Os Madrepaz entraram em retiro, fizeram a sua cura, e da poção do seu shamanic pop trazem Panoramix, que figurará certamente como um dos melhores discos nacionais de 2017.
Pedro da Rosa sente-se um homem (para já) realizado e o caso não é para menos. Tem pouco mais de 30 anos e faz parte da geração de músicos que perfilharam a nova música nacional. Ele que, juntamente com o baterista Nuno “Canina” Moura, fez parte d’Os Golpes, banda que abriu portas para a aceitação da música cantada e sentida em português.
Seis anos após o fim da banda liderada por Manuel Fúria, Pedro da Rosa e Nuno “Canina” encontram-se no ponto mais alto da sua viagem. Juntaram-se a Ricardo Amaral, velho amigo de outras andanças e João Barreiros e formaram o grupo de pop xamânico de seu nome Madrepaz.
A banda foi nascendo ao sabor das várias voltas e fases de vida dos seus membros. O que hoje conhecemos como Madrepaz foi começando a germinar ainda na altura d’Os Golpes, começou a maturar com a banda Armada, onde Pedro da Rosa e Ricardo Amaral foram começando a entrosar-se e floresceu quando Pedro, Nuno, Ricardo e João se libertaram de vidas passadas e abraçaram o som que lhes vai na alma.

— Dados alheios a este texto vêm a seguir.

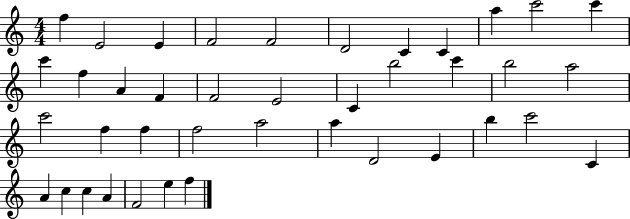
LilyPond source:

{
  \clef treble
  \numericTimeSignature
  \time 4/4
  \key c \major
  f''4 e'2 e'4 | f'2 f'2 | d'2 c'4 c'4 | a''4 c'''2 c'''4 | \break c'''4 f''4 a'4 f'4 | f'2 e'2 | c'4 b''2 c'''4 | b''2 a''2 | \break c'''2 f''4 f''4 | f''2 a''2 | a''4 d'2 e'4 | b''4 c'''2 c'4 | \break a'4 c''4 c''4 a'4 | f'2 e''4 f''4 | \bar "|."
}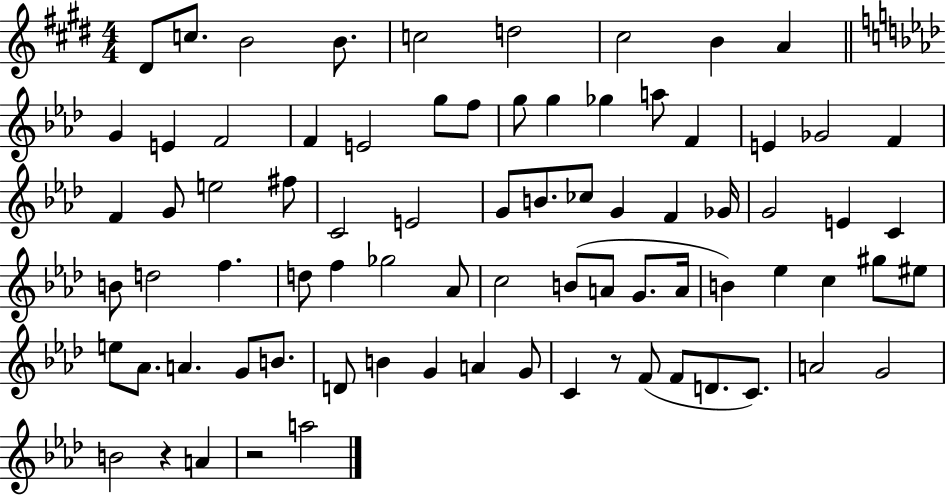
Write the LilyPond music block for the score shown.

{
  \clef treble
  \numericTimeSignature
  \time 4/4
  \key e \major
  dis'8 c''8. b'2 b'8. | c''2 d''2 | cis''2 b'4 a'4 | \bar "||" \break \key aes \major g'4 e'4 f'2 | f'4 e'2 g''8 f''8 | g''8 g''4 ges''4 a''8 f'4 | e'4 ges'2 f'4 | \break f'4 g'8 e''2 fis''8 | c'2 e'2 | g'8 b'8. ces''8 g'4 f'4 ges'16 | g'2 e'4 c'4 | \break b'8 d''2 f''4. | d''8 f''4 ges''2 aes'8 | c''2 b'8( a'8 g'8. a'16 | b'4) ees''4 c''4 gis''8 eis''8 | \break e''8 aes'8. a'4. g'8 b'8. | d'8 b'4 g'4 a'4 g'8 | c'4 r8 f'8( f'8 d'8. c'8.) | a'2 g'2 | \break b'2 r4 a'4 | r2 a''2 | \bar "|."
}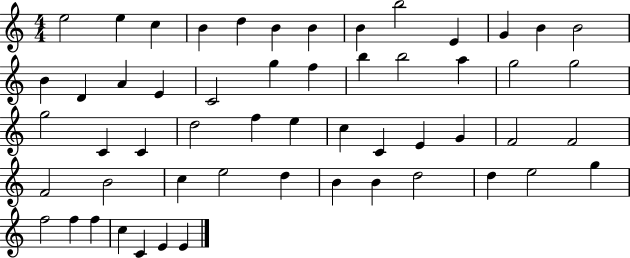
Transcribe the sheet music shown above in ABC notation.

X:1
T:Untitled
M:4/4
L:1/4
K:C
e2 e c B d B B B b2 E G B B2 B D A E C2 g f b b2 a g2 g2 g2 C C d2 f e c C E G F2 F2 F2 B2 c e2 d B B d2 d e2 g f2 f f c C E E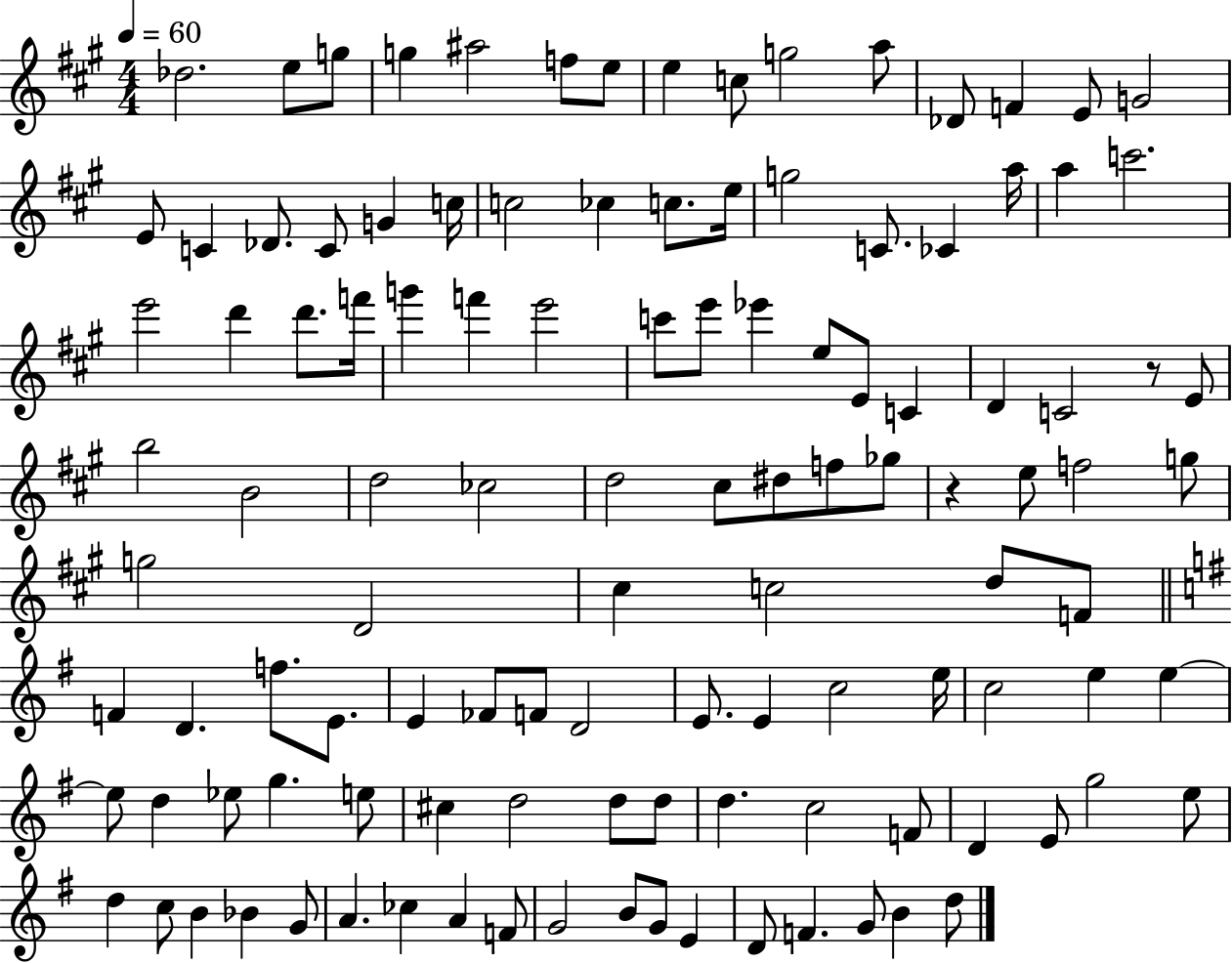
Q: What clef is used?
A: treble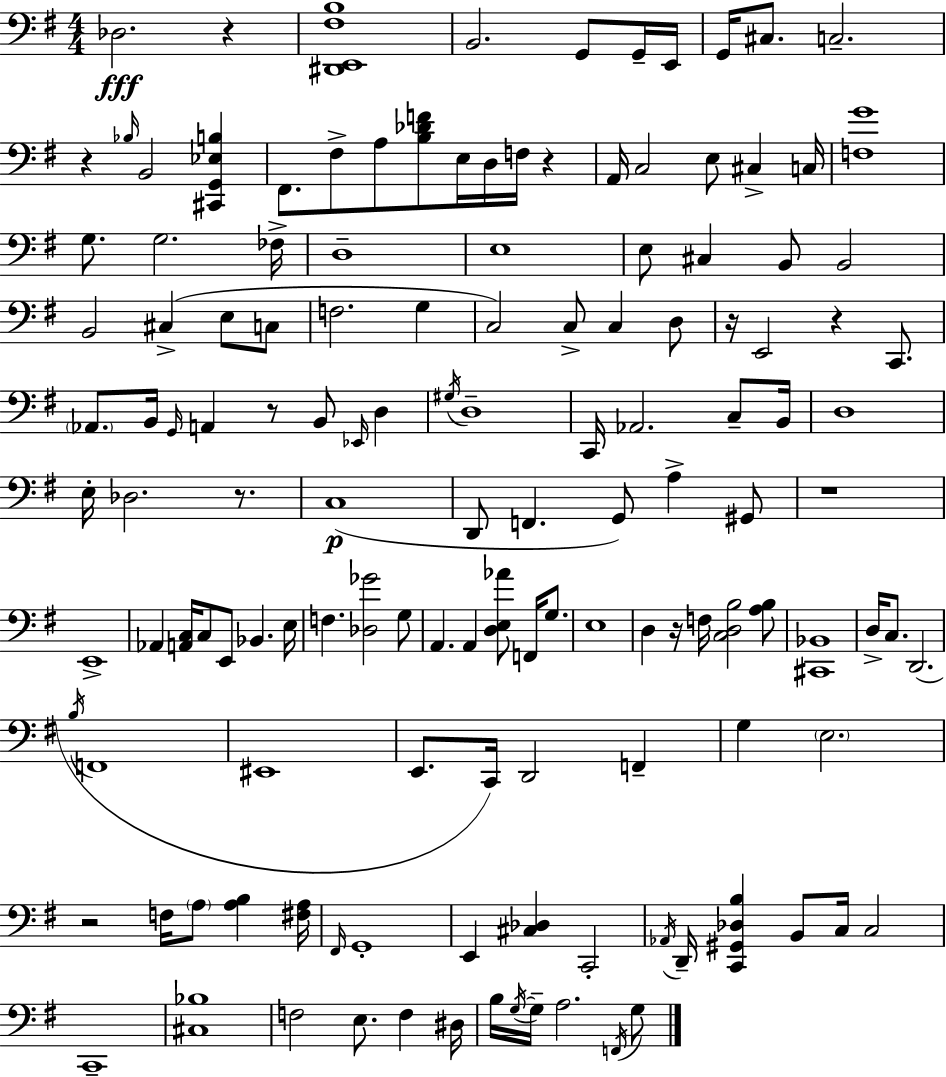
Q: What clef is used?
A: bass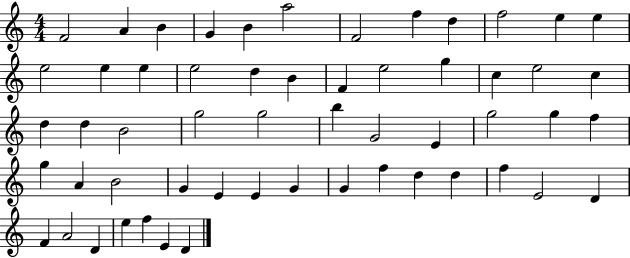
X:1
T:Untitled
M:4/4
L:1/4
K:C
F2 A B G B a2 F2 f d f2 e e e2 e e e2 d B F e2 g c e2 c d d B2 g2 g2 b G2 E g2 g f g A B2 G E E G G f d d f E2 D F A2 D e f E D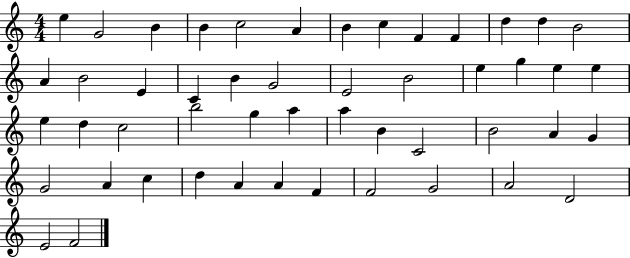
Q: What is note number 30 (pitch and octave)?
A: G5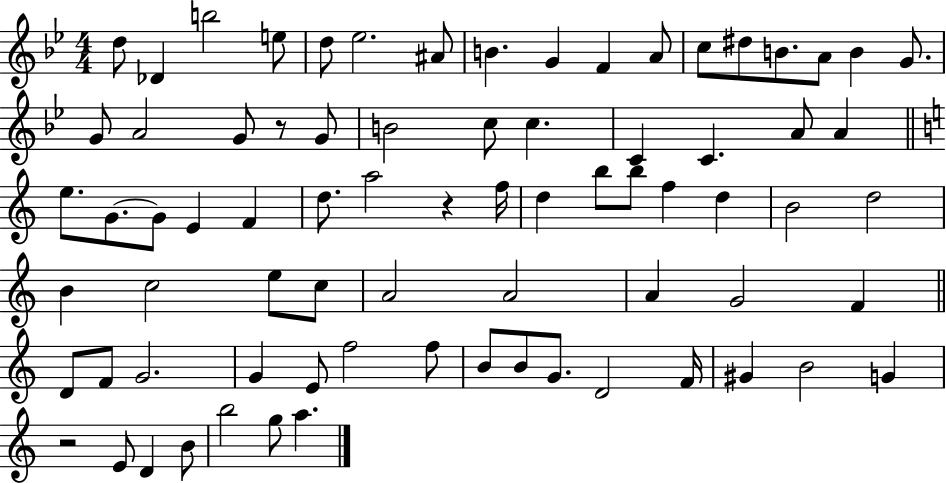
D5/e Db4/q B5/h E5/e D5/e Eb5/h. A#4/e B4/q. G4/q F4/q A4/e C5/e D#5/e B4/e. A4/e B4/q G4/e. G4/e A4/h G4/e R/e G4/e B4/h C5/e C5/q. C4/q C4/q. A4/e A4/q E5/e. G4/e. G4/e E4/q F4/q D5/e. A5/h R/q F5/s D5/q B5/e B5/e F5/q D5/q B4/h D5/h B4/q C5/h E5/e C5/e A4/h A4/h A4/q G4/h F4/q D4/e F4/e G4/h. G4/q E4/e F5/h F5/e B4/e B4/e G4/e. D4/h F4/s G#4/q B4/h G4/q R/h E4/e D4/q B4/e B5/h G5/e A5/q.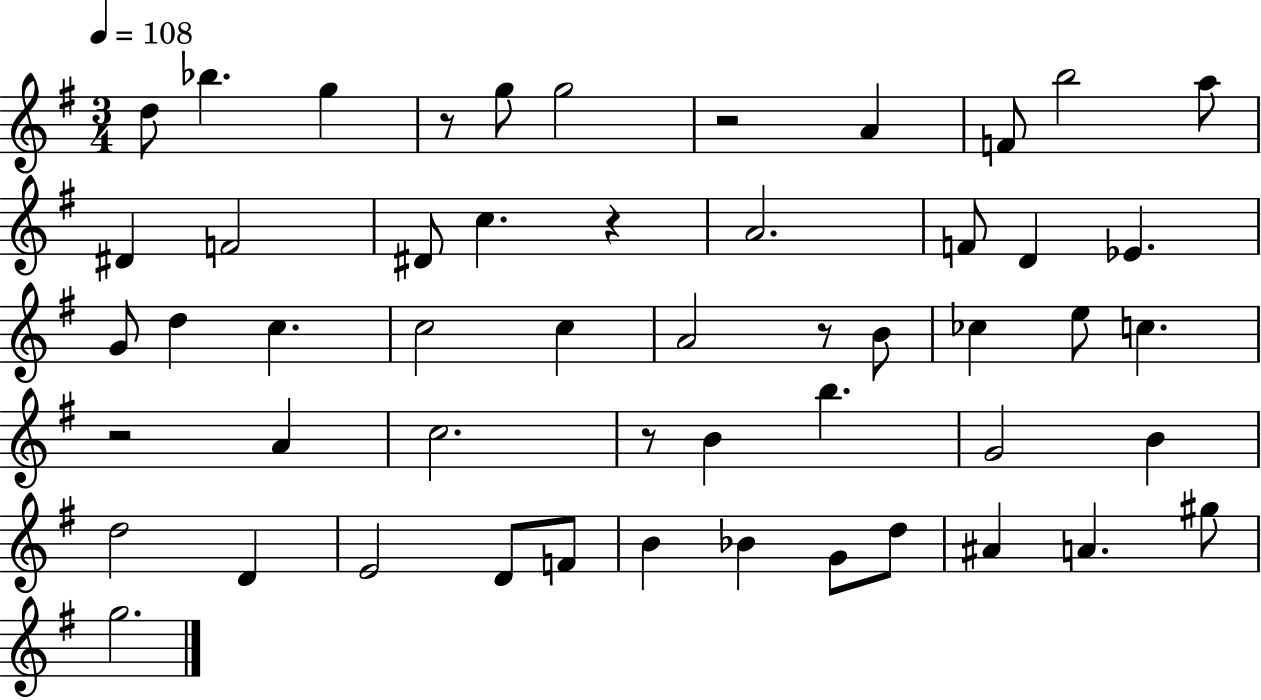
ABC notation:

X:1
T:Untitled
M:3/4
L:1/4
K:G
d/2 _b g z/2 g/2 g2 z2 A F/2 b2 a/2 ^D F2 ^D/2 c z A2 F/2 D _E G/2 d c c2 c A2 z/2 B/2 _c e/2 c z2 A c2 z/2 B b G2 B d2 D E2 D/2 F/2 B _B G/2 d/2 ^A A ^g/2 g2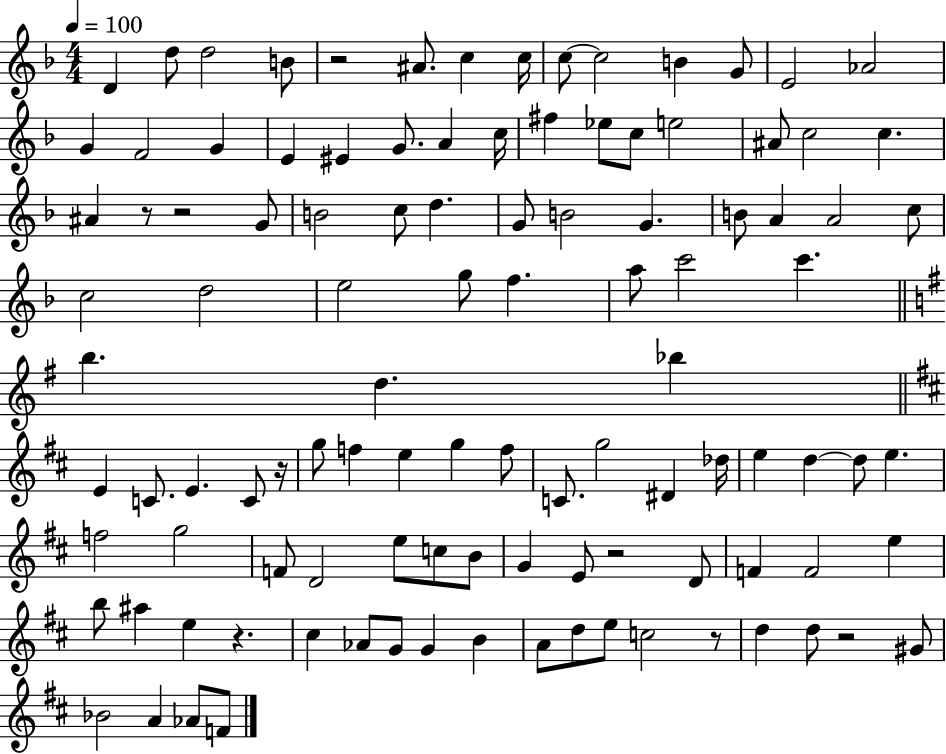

Gravado por Diogo Rodrigues, no já mítico estúdio de Alvalade – uma espécie de bolha dentro da cidade -, Panoramix partilha a sua matriz com Pesar o Sol, dos Capitão Fausto. Mas quando ouvimos Panoramix, há algo mais que nos prende a atenção do que apenas “mais” um disco revivalista de rock psicadélico. Encontramos nas suas músicas mais do que uma tentativa de buscar sons antigos. Aqui conseguimos encontrar uma alma cheia e sentida, onde os nossos sentidos nos projetam não só para viagens espaciais, mas para incursões pelas selvas tropicais, por florestas negras europeias, por campos de trigo ou por vielas e ruas iluminadas numa qualquer noite citadina. Mas, acima disso tudo, está uma viagem pelo próprio ser, quase como uma viagem cósmica da nossa ligação a este mundo. Uma maneira de reflectir sobre os nossos passos e sobre o quão precisamos de dar atenção às nossas várias fases da vida, pois são elas que nos moldaram e continuarão a moldar no futuro.
A este processo levado a cabo pelos Madrepaz não é alheia a sua fuga para a Zibreira, no Ribatejo, onde a banda faz a sua cura. Onde lavam a alma do peso da cidade, onde encontram a sua ligação ao meio primitivo do campo, aos animais, ao nascer e ao pôr do sol. E isso não dá para reproduzir estando a viver 365 dias por ano na cidade. Não. Panoramix é sentido e vivido.
Não é de admirar que juntos tenham vivenciado “O Sol Amarelo” a nascer no seu belo esplendor durante alguma directa pelos campos do Ribatejo. E não se ficaram por aqui. Construíram “Novas Pontes” entre os mundos da cidade e do campo e deram-nos uma das mais belas músicas cantadas em português dos últimos tempos. Uma música que vai da acalmia pastoral à pista de dança e de volta à acalmia numa transição suave e segura.
Aproveitando a onda, deixamo-nos perder pelos campos de trigo onde “Sopra O Vento” e mantém-nos ainda nesta viagem pela cabeça dentro.
Abrindo os olhos, vemos que continuamos no campo, mas há muita mais gente à nossa volta e estão todos a dançar com olhos fechados e num mundo só seu ao som de uma batida que apenas os verdadeiros viajantes a conseguem decifrar. “Tudo Morto Tudo Vive” é o lado mais tribal de Madrepaz a vir ao de cima, o seu lado mais transe.
O disco continua a contar-nos histórias ou estórias que se passaram com os elementos da banda – “Mão Direita” conta uma história acerca da altura que Pedro da Rosa tinha o braço partido; ou apenas pequenos acenos a momentos passados nos seus retiros de cura – “Gaspar O Cão de Fogo”, “Puff O Sofá Vermelho” ou “Santa Clara e a Laranjeira da Zebra Madura”.
Panoramix, dividido pelas suas onze músicas, é um caldeirão repleto de uma poção mágica, que tomada sem medos e receios nos levará ao interior do nosso mundo ilustrado numa bela fotografia panorâmica, tudo com a ajuda dos xamãs Madrepaz para nos guiarem nesta bela viagem.